▸ Data for analysis
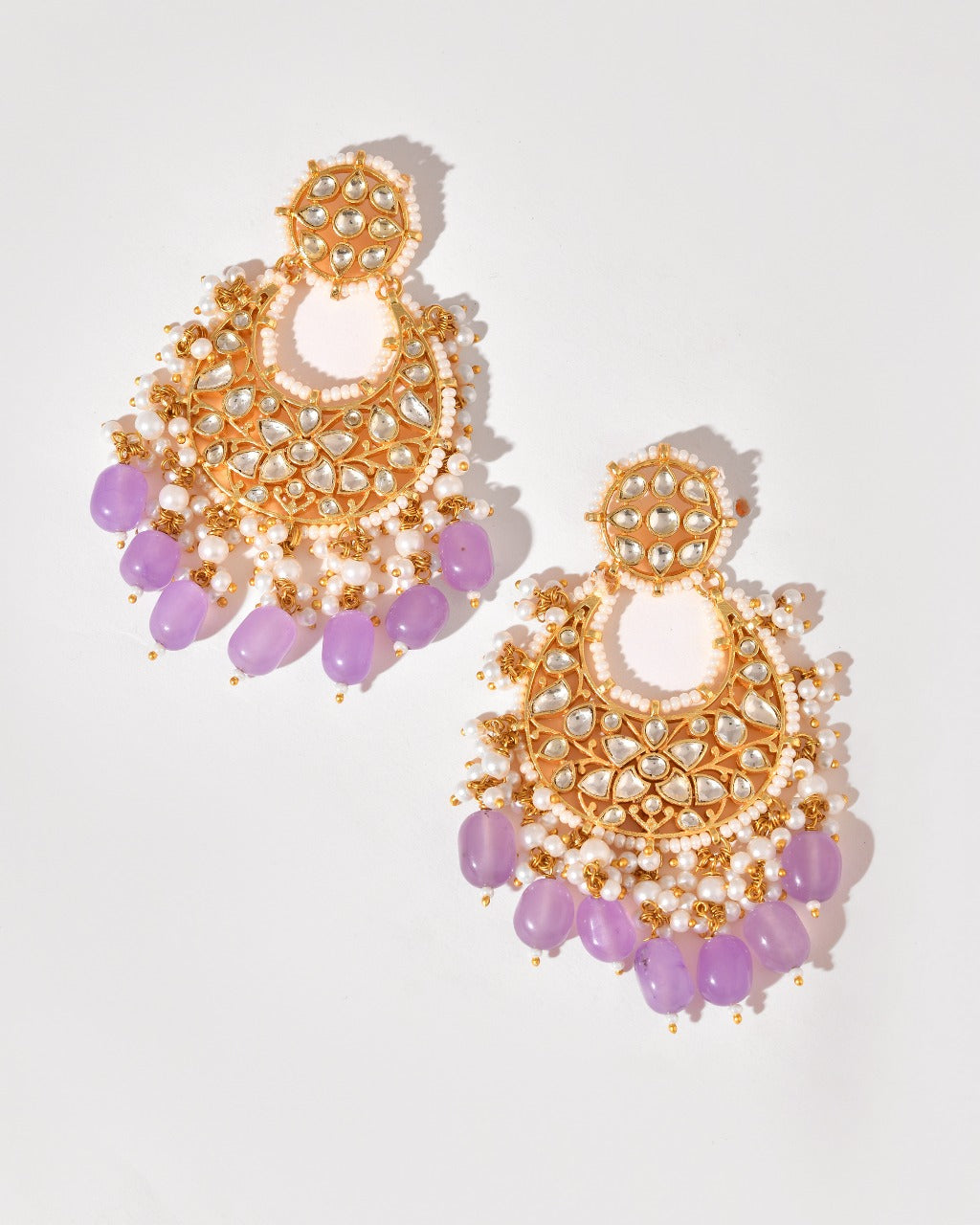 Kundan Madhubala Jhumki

---

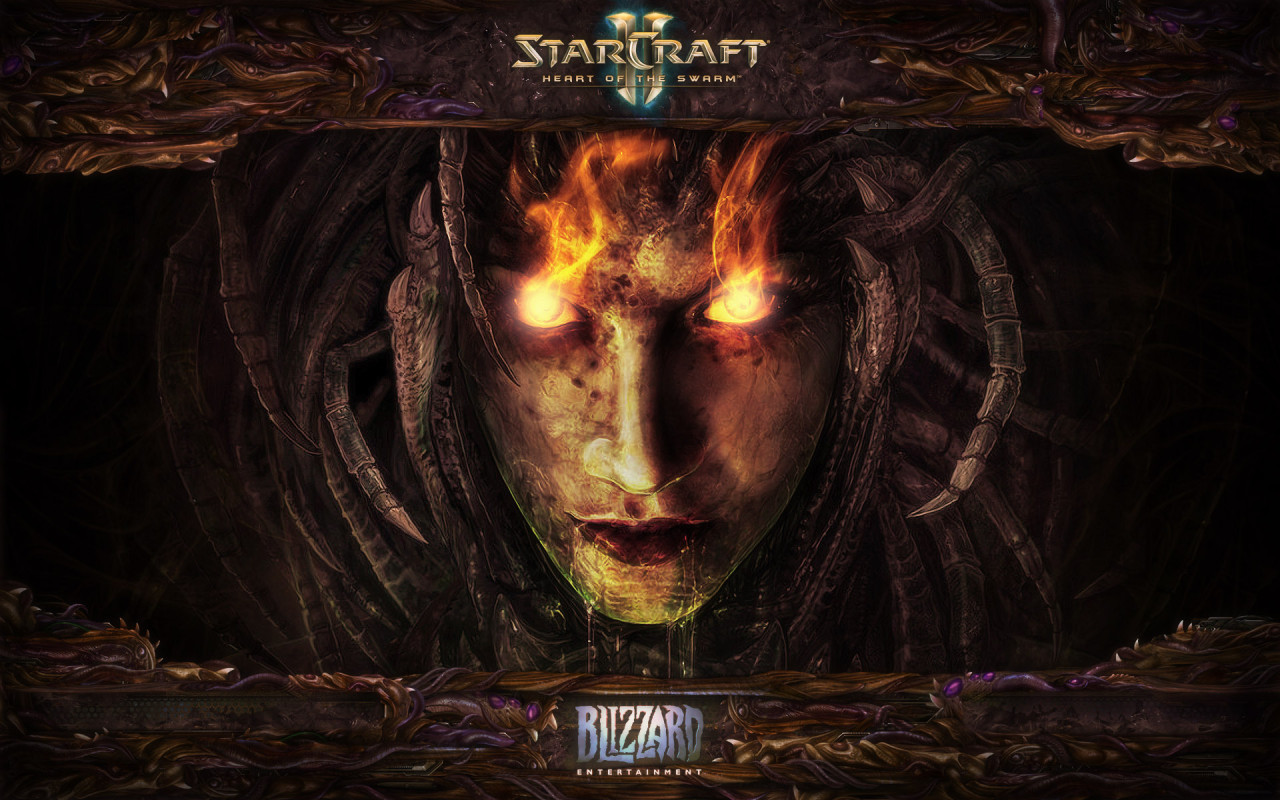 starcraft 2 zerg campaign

==

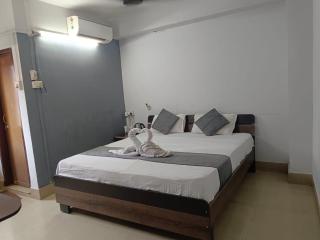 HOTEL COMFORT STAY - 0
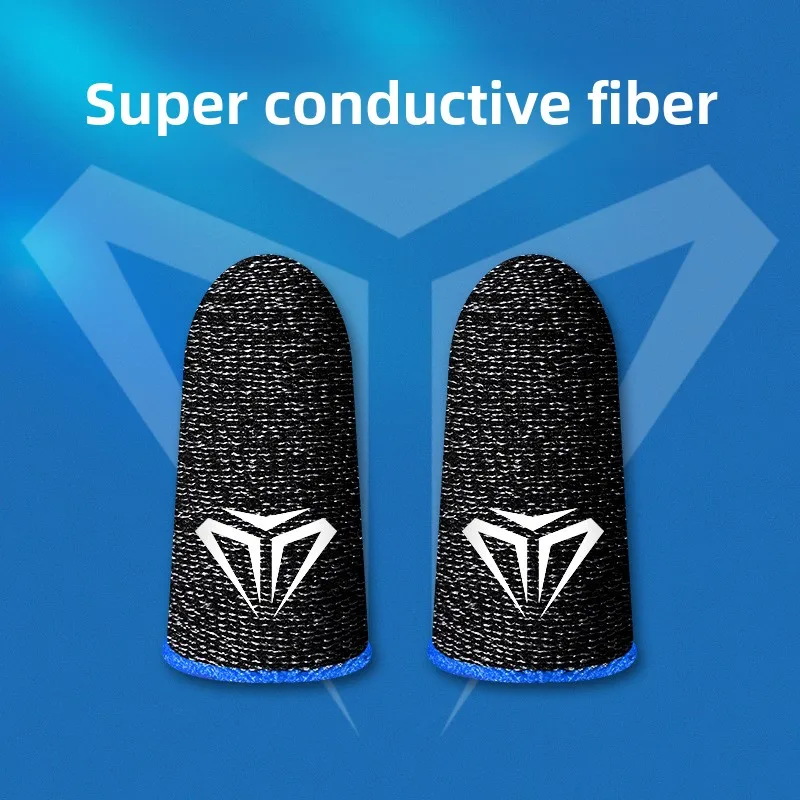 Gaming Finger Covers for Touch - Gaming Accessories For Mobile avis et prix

▸ What the task requires
What is needed is an exact copy of only the lines above from the one with "HOTEL COMFORT STAY - 0" to the one with "Gaming Finger Covers", both kept, with every picture left out.

▸ Expected output
 HOTEL COMFORT STAY - 0
 Gaming Finger Covers for Touch - Gaming Accessories For Mobile avis et prix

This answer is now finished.